The U.S. Centers for Medicare and Medicaid Services (CMS) and the American Medical Association (AMA) are working to make sure physicians and other providers are ready ahead of the October 1 start date for ICD-10. They are educating providers through webinars, onsite training, educational articles, and national provider calls.
ICD-10 will advance public health research and emergency response through the detection of disease outbreaks and adverse drug events, as well as support new payment models, CMS and AMA said.
Free help available from CMS includes the Road to 10, aimed specifically at smaller physician practices, with primers for clinical documentation, clinical scenarios, and other specialty-specific resources. CMS has also released provider training videos that offer ICD-10 implementation tips.
AMA's resources can be found on AMA Wire.

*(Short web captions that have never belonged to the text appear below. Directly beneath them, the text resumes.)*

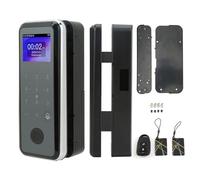 Serrure Intelligente Empreinte Digitale 2,4 Pouces, Contrôle d’Accès Sans Clé, Mot de Passe, Télécommande, Verrouillage de Porte - Déverrouillage Multiple, Écran Couleur, Usage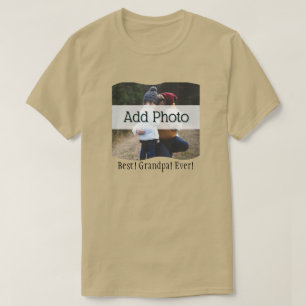 T-shirt Meilleur Grand-Père Jamais ! Family Photo heart Cu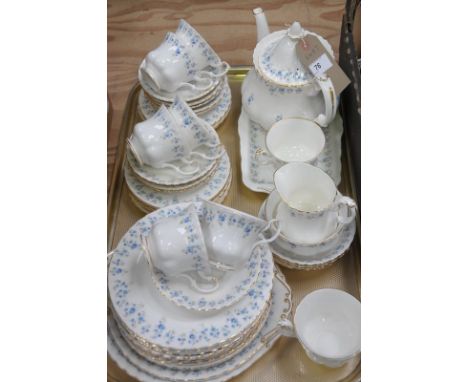 A Royal Albert " Memory Lane " tea service , approx. 43 pieces.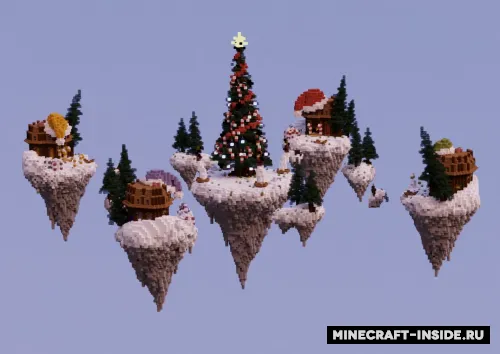 BedWars Christmas — Minecraft xarita, rasm 1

CMS has also accomplished a number of milestones around ICD-10 implementation:
- Setting up an ICD-10 communications and coordination center
- Sending a letter in July to all Medicare fee-for-service providers encouraging ICD-10 readiness
- Completing the final window of Medicare end-to-end testing for providers this month
- Offering ongoing Medicare acknowledgement testing for providers through September 30
- Providing additional in-person training through the Road to 10 for small physician practices
- Hosting an MLN Connects National Provider Call on August 27
As part of the transition, Medicare claims processing systems will not be able to accept ICD-9 codes for dates of service after September 30, nor will they be able to accept claims for both ICD-9 and ICD-10 codes.
At the request of AMA, CMS will name a CMS ICD-10 ombudsman to triage and answer questions about the submission of claims. The ICD-10 ombudsman will be located at CMS' ICD-10 Coordination Center.